The phrase “communicatively connected” includes any type of connection, wired or wireless, for communicating data between devices or processors. These devices or processors can be located in physical proximity or not. For example, subsystems such as peripheral system 1320, user interface system 1330, and data storage system 1340 are shown separately from the data processing system 1386 but can be stored completely or partially within the data processing system 1386.

The peripheral system 1320 can include or be communicatively connected with one or more devices configured or otherwise adapted to provide digital content records to the processor 1386 or to take action in response to processor 186. For example, the peripheral system 1320 can include digital still cameras, digital video cameras, cellular phones, or other data processors. The processor 1386, upon receipt of digital content records from a device in the peripheral system 1320, can store such digital content records in the data storage system 1340.

An imaging apparatus can include one or more image capture devices 1325. Image capture devices 1325 can include, for example, cameras (e.g., an analog camera, a digital camera), optics (e.g., one or more lenses, sensor focus lens groups, or microscope objectives), imaging sensors (e.g., a charge-coupled device (CCD), a complimentary metal-oxide semiconductor (CMOS) image sensor), photographic film, or the like. In digital embodiments, the image capture 1325 can include a plurality of lenses that cooperate to prove on-the-fly focusing. A CCD sensor can capture a digital image of the specimen.

One method of producing a digital image includes determining a scan area including a region of the microscope slide that includes at least a portion of a specimen to be imaged. For example, the specimen to be imaged can include a cell population. The scan area may be divided into a plurality of “snapshots.” An image can be produced by combining the individual “snapshots.” In particular embodiments, the image-capture device 1325 produces a high-resolution image of the entire specimen. Image capture device(s) 1325 can provide digital data of the images via peripheral system 1320 to processor 1386.

The user interface system 1330 can convey information in either direction, or in both directions, between a user 1338, e.g., a pathologist, clinician, technician, researcher, or other user, and the processor 1386 or other components of system 1301. The user interface system 1330 can include a mouse, a keyboard, another computer (connected, e.g., via a network or a null-modem cable), or any device or combination of devices from which data is input to the processor 1386. The user interface system 1330 also can include a display device, a processor-accessible memory, or any device or combination of devices to which data is output by the processor 1386. The user interface system 1330 and the data storage system 1340 can share a processor-accessible memory.
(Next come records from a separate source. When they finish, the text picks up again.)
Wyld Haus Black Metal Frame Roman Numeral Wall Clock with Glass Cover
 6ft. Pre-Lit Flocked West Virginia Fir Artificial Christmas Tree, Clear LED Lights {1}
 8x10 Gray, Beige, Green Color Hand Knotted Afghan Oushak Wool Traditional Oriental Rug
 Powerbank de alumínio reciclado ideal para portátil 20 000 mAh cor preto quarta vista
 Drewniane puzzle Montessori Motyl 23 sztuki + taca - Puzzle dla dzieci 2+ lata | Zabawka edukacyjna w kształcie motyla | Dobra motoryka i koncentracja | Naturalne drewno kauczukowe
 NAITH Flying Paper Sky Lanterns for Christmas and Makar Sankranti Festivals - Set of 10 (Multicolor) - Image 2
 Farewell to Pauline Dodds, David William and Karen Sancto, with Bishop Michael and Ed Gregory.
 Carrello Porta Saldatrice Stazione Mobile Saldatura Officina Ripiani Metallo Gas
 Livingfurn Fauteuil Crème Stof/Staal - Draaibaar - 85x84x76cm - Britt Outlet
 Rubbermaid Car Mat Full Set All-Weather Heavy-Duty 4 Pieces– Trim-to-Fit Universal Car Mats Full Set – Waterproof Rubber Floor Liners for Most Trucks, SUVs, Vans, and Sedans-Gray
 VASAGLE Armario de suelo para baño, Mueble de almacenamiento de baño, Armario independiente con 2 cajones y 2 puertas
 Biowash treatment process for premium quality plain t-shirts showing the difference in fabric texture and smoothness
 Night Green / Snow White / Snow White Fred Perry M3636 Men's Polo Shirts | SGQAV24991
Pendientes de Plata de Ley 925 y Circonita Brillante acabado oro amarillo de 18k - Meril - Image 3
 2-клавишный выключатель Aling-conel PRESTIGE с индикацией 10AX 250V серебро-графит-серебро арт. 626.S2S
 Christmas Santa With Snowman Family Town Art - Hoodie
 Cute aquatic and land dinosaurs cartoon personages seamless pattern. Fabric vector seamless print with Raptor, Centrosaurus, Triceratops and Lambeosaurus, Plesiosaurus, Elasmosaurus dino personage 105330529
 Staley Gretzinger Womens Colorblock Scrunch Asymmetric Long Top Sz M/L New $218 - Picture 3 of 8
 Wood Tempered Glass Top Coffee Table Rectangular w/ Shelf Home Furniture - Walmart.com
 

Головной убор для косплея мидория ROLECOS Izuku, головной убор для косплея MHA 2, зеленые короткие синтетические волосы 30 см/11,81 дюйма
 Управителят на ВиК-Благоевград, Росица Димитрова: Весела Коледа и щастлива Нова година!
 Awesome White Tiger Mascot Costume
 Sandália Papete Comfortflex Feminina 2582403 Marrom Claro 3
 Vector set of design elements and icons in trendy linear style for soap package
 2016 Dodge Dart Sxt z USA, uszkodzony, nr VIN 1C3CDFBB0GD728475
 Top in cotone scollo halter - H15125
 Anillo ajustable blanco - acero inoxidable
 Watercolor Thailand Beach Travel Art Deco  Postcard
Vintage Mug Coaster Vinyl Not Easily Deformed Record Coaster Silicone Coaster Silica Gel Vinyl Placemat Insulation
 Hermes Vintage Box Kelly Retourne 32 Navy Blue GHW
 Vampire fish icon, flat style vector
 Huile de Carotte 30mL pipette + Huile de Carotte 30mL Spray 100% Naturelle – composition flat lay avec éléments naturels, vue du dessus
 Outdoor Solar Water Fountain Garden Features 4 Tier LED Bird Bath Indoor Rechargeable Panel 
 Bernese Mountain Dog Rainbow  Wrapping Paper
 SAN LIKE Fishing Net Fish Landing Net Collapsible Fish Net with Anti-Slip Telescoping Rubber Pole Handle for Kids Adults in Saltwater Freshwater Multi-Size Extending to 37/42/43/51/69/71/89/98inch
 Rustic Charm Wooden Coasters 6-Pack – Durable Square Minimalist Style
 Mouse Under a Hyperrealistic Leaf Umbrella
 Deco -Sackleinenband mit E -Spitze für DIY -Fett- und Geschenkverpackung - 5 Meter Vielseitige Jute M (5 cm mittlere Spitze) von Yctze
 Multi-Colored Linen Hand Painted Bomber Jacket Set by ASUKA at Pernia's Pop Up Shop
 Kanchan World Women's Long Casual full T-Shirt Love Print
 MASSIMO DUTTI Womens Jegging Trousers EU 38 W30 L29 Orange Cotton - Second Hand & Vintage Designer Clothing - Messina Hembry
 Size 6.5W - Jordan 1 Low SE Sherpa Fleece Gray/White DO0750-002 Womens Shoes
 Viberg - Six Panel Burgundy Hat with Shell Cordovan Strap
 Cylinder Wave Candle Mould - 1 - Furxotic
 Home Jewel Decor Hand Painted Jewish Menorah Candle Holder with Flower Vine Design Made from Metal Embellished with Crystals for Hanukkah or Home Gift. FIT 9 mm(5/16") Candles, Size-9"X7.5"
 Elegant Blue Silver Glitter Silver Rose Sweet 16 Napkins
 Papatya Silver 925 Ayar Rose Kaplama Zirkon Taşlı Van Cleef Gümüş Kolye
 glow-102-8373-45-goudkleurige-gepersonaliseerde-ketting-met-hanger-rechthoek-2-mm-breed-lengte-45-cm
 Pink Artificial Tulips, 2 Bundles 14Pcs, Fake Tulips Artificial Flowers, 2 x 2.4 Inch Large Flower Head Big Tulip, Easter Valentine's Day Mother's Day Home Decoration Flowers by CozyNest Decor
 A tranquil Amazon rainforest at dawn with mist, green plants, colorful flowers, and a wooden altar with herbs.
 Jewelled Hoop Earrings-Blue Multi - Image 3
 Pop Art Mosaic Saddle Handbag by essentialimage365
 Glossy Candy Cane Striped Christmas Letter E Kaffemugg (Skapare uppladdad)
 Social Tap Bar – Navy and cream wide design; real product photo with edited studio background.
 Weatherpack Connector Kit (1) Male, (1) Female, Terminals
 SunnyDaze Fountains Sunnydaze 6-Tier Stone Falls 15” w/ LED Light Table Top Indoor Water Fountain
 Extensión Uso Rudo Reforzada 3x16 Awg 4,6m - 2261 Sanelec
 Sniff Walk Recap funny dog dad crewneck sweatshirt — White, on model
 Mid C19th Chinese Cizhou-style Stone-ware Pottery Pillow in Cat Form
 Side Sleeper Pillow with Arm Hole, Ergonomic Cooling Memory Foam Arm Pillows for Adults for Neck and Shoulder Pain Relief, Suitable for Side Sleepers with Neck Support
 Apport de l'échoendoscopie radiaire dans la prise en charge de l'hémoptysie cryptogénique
In various aspects, processor 1386 includes or is connected to communication interface 1315 that is coupled via network link 1316 (shown in phantom) to network 1350. For example, communication interface 1315 can include an integrated services digital network (ISDN) terminal adapter or a modem to communicate data via a telephone line; a network interface to communicate data via a local-area network (LAN), e.g., an Ethernet LAN, or wide-area network (WAN); or a radio to communicate data via a wireless link, e.g., WI-FI or GSM. Communication interface 1315 sends and receives electrical, electromagnetic, or optical signals that carry digital or analog data streams representing various types of information across network link 1316 to network 1350. Network link 1316 can be connected to network 1350 via a switch, gateway, hub, router, or other networking device.

In various aspects, system 1301 can communicate, e.g., via network 1350, with a data processing system 1302, which can include the same types of components as system 1301 but is not required to be identical thereto. Systems 1301, 1302 are communicatively connected via the network 1350. Each system 1301, 1302 executes computer program instructions to process images, e.g., as discussed herein with reference to FIG. 1 or Examples 1, 2, or 3. Additionally or alternatively, system 1301 can capture images and system 1302 can process the images, or vice versa.

Processor 1386 can send messages and receive data, including program code, through network 1350, network link 1316, and communication interface 1315. For example, a server can store requested code for an application program (e.g., a JAVA applet) on a tangible non-volatile computer-readable storage medium to which it is connected. The server can retrieve the code from the medium and transmit it through network 1350 to communication interface 1315. The received code can be executed by processor 1386 as it is received, or stored in data storage system 1340 for later execution.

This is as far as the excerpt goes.